My husband’s Auntie Dulcie was a dedicated family historian. No one joined dots like she did. Whenever we visited her, she would proudly lay before us yet another branch of the Walker family that she had mapped out, along with its suitable scandals (without which no family history would be worth recording). She loved to solve a good mystery and her success rate was up there with Sherlock Holmes.
Until John Brown.
This inconsiderately-named relative remained Auntie Dulcie’s focal point for many years. She had living faith in the song “You’ll get it right if you keep on trying” and, from her tiny fibro home in which she and Uncle Neville had raised four children, she would regularly assert that she was on the verge of discovering John Brown. When she died, aged 88, she was still hard at it and had left a trail of discarded John Browns behind her, not one of which was the man she sought.
Auntie Dulcie taught me never to give up. Her determination fuelled my 30 year odyssey to find my own family name; but, of course, Mikatović scatters far more historical clues than Brown.
The first was this: ‘It was sometimes spelled with a “k”,’ said my birth mother, Silvana, who herself spelled it Micatovich like the Latin in the church books.
The second was as brief as the first: ‘It meant ‘son of Michael’. (“Ovich” or “Ović” is standard Slavic for “son of”.) Silvana said that the name Micatovich was ‘a very important name' in her village of Tar (or Torre) in Istria.
But ‘it’s got to be Jewish’, declared my neighbour, an expert in ancient languages and etymologist par excellence. ‘From Micah or Michael, meaning “who is like God?”’
For years this is what I thought. I also thought it was rather cool to be related to Abraham.
The “T”, however, was a big hiccough. I really had no clue how it had got there until my helpful neighbour suggested that in Mediaeval times Jews weren’t allowed to own land, so the name may have been corrupted (hence the T) in order to disguise its Hebrew origins. I had heard of this practice before and, in fact, my Dad, as principal of two Australian high schools with big Jewish populations, told me that many Jews who came out after the war changed their entire names to hopeful things, such as Mr Green or Mr Gold.
I even wrote a story called “Zuanne Micatovich and the Price of Land” to illustrate my conjecture.
A restlessness remained, however.

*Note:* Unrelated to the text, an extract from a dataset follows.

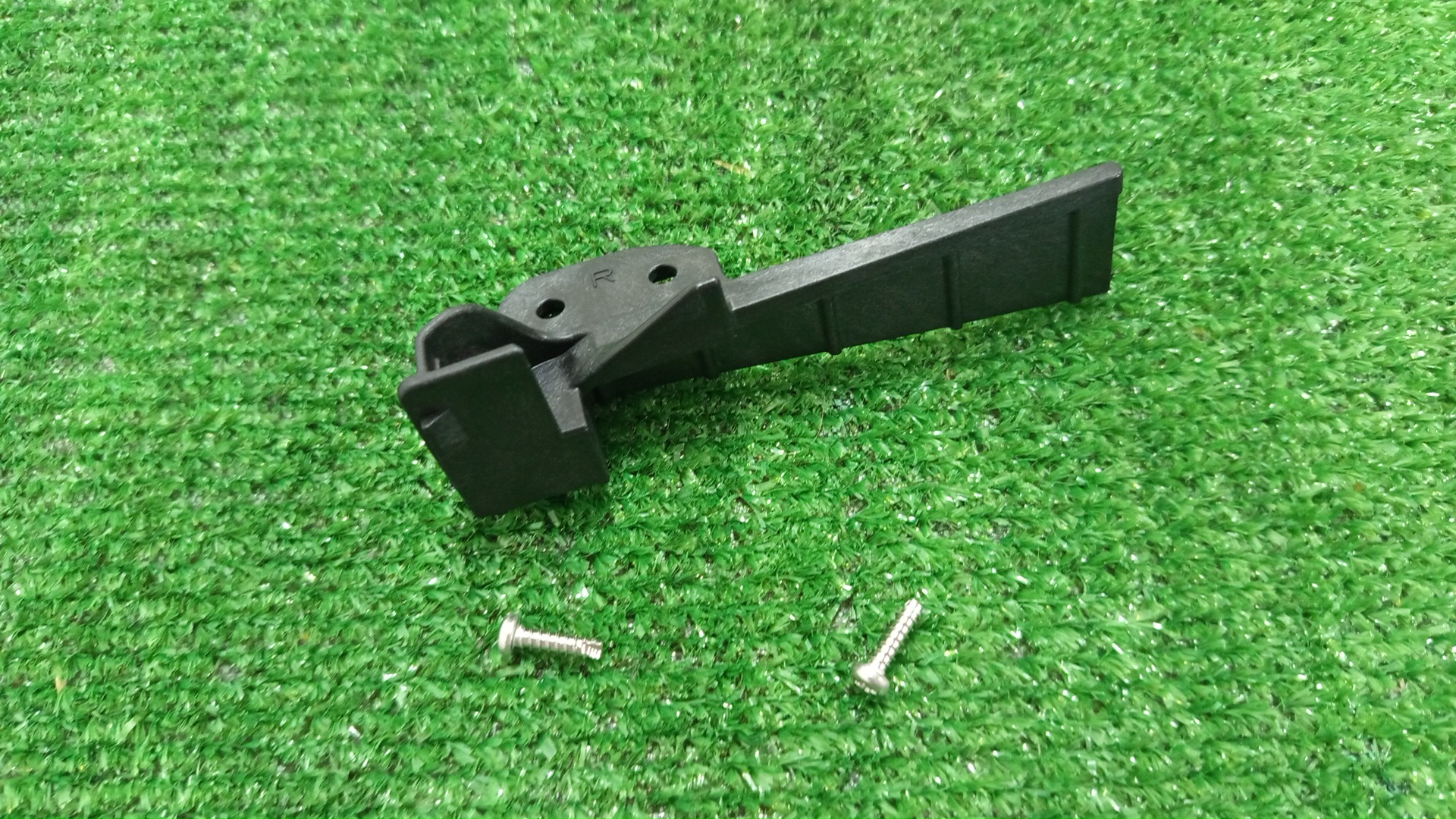 Крепление фары правое TOYOTA PRIUS ZVW30 81195-47040 1 ракурс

Perhaps it’s my natural urge to research, or a feeling that all was not as simply explained as a persecuted people, or even a voice from the past urging me to connect with my relatives – calling to me from across the centuries.
So, I started to research the “T”.
Silvana had also said that the surname Mikatović was the name of an island off the far south coast of Dalmatia near Albania, but Dalmatia has 1246 islands and not one of them was called Mikatović. I checked the Serbian dictionary, likewise the Croatian, which is virtually the same. Nothing. I scouted around in various other languages from that part of the world. Still no joy. But it was well known in academic circles that the population in the vicinity of Tar had moved from the south, north to Istria in the sixteenth century.
I was still looking for an island.
Eventually I found a small island in the Bay of Kotor in Montenegro called ‘The Island of Flowers’ or Prevlaka. Wikipedia, being rather more helpful on this occasion than usual, informed me that in Mediaeval times Prevlaka was known as St Michael’s Island. A Serbian Orthodox monastery dedicated to the archangel Michael was built there. At the end of the fifteenth century, the Venetians destroyed it. During the course of the sixteenth century the Venetians loaded their ships with families from these southern possessions to begin a new life in Istria. This was because the Istrian towns had been decimated by plague and war. It was also connected with the threat posed by the Ottoman Turks to Venice’s Empire along the Dalmatian hinterland.
At last I was getting somewhere, but I still couldn’t find the T.
Then in 2019 my husband’s Greek Australian nephew came to live with us. One day during his time in Australia I googled Serbian-Orthodox-church-St-Michael and came up with an icon. It’s a typical orthodox icon of St Michael found in Orthodox churches from Serbia to Russia, to America and Australia, but the words are in the original Greek despite the church being Serbian.
Two of the words on the icon were: "Michael Taxiarhis", where Michael is in an abbreviated form. This is where my nephew provided the vital clue. “Taxiarhon” is Greek and means Brigadier General, Knight or General.
Therefore, we have: MIXA + T + ovich/ović = Micatovich/Mikatović meaning Son of General Michael, the archangel, general of the heavenly armies, in the Bible Revelation 12:7. Or, as we might say today, “Son of Saint Michael.”
It took me 30 years to discover that Mikatović meant “son of Saint Michael”, but it’s a stunning example of oral history, and I would like to dedicate this post to Auntie Dulcie who taught me the value of persistence.